2024/01/05 09:00

 “石鹸(セッケン)は簡単に作れる”確かに石鹸は油に苛性ソーダを入れれば比較的容易に作ることができ、親子で手作り石鹸など時々聞きます。しかし、苛性ソーダは水酸化ナトリウムという劇薬であり、水に触れると発熱し、皮膚につくと皮膚が溶けてしまうほど。昔、シリアのアレッポにあった石鹸工場では、苛性ソーダのアルカリ水を溜めた壺を地面に埋めていたため、人や家畜がそこへ落ち、死んでしまう事故が発生しました。「落ちたらまず助からない」当時の人たちはそう語っています。想像するも恐ろしい話です。


 苛性ソーダは、油と結びつき、脂肪酸ナトリウム(石鹸)になることで、安全な物質に化しますが、油と十分混じり合っていなかったり、油の量がたらず、十分にすべての苛性ソーダが反応せず残ってしまったりすると、その石鹸を使うと皮膚がピリピリと痛み、肌を痛めます。もし少しでも刺激を感じたなら、その石鹸は廃棄しなくてはなりません。そのため、多くの場合、9割の油が石鹸に変わり1割の油が残るぐらいの割合で苛性ソーダを配合します。つまり石鹸の1割は元の油がそのまま残ることになります。

 苛性ソーダの危険性に考慮しすぎて油を多くしてしまうと、今度は石鹸が固まらず、ただの廃油になってしまいます。石鹸として固まらなかった廃油は、しっかり袋に詰め、それ相応の方法で廃棄する必要があります。台所の排水管に流すのは絶対にダメです。油の廃棄は厄介です。苛性ソーダが含まれる廃油となるとさらに厄介です。幸いにも油が固まり、石鹸ができたとしても、その石鹸には1割ほど元の油が含まれます。また、石鹸になっても、油の中にあった刺激物はそのまま残ります。この石鹸で肌を洗って、本当に安全でしょうか?確かに石鹸によって汚れは落ちますが、あまり健康的とは思えません。

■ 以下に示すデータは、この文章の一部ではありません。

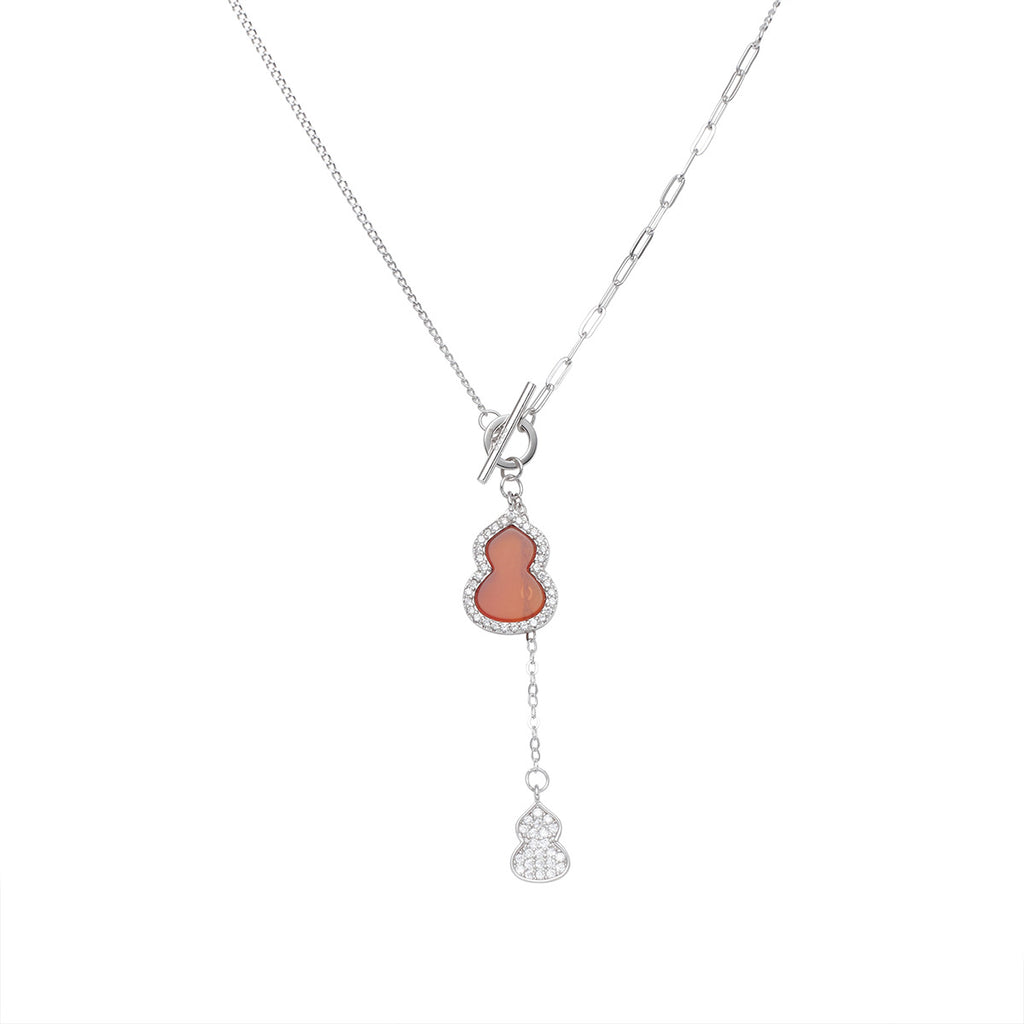 Damen Halskette mit doppelt gestaltetem Anhänger aus Halbedelstein und funkelnden Zirkonia Shop Nory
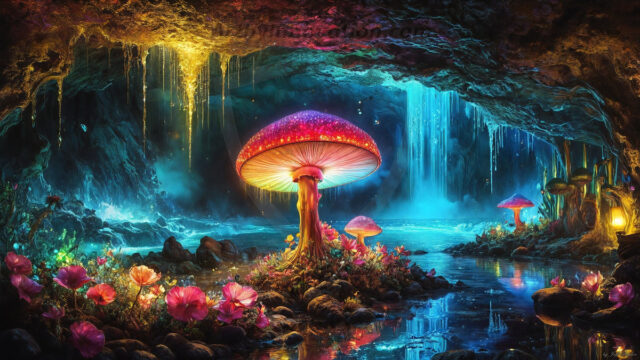 A vibrant and detailed fantasy photograph of an alien planet. Where every element appears meticulously crafted from iridescent stained glass. From a cave system, dominated by towering crystals, giant bioluminescent mushrooms, in all shapes and sizes, that glow in vibrant iridescent colors. A stream of iridescent blue water, flows down the center of the cave from a waterfall, off in the distance. The alien flora, vibrantly colored, attracting alien insects, like nothing you've ever seen. Glow worms hang down from the ceiling, emitting the entire spectrum of the rainbow in colors, they seem to dance and blend as if they are connected. Outside the cave system, the sky shimmers with a breathtaking aurora borealis that fills the sky, creating a cosmic spectacle of galaxies, nebulae, and radiant starlight, in this nighttime landscape.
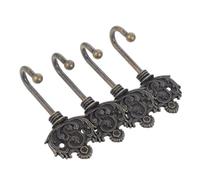 HOMSFOU Ganchos de Pared Rústicos Dorados de Hierro, 4 Piezas Multifuncionales para Colgar Abrigos y Sombreros en Salas y Dormitorios Estilo Vintage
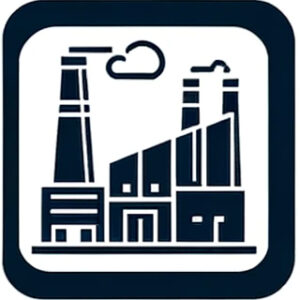 Icon depicting an industrial application with factory buildings and chimneys.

 実際、廃油で石鹸を作っても、作る楽しみを味わうだけ。それほど使わず廃棄してしまうことが大半でしょう。使ってみても、廃油の汚れが出たり、肌に刺激があったりして、すぐに使用をやめてしまうのではないでしょうか?

 多くの方は “親子で作れる石鹸” などを聞き、石鹸作りを安易に考えています。しかし、人々が、毎日使い、肌の衛生と健康を維持していくための石鹸には、油の選定からそれを石鹸にする過程一つ一つ、職人の熟練した技術が必要です。皮膚に直接つけるものだけに、安易に自家製石鹸を使うことは、皮膚の健康を損なう恐れがあります。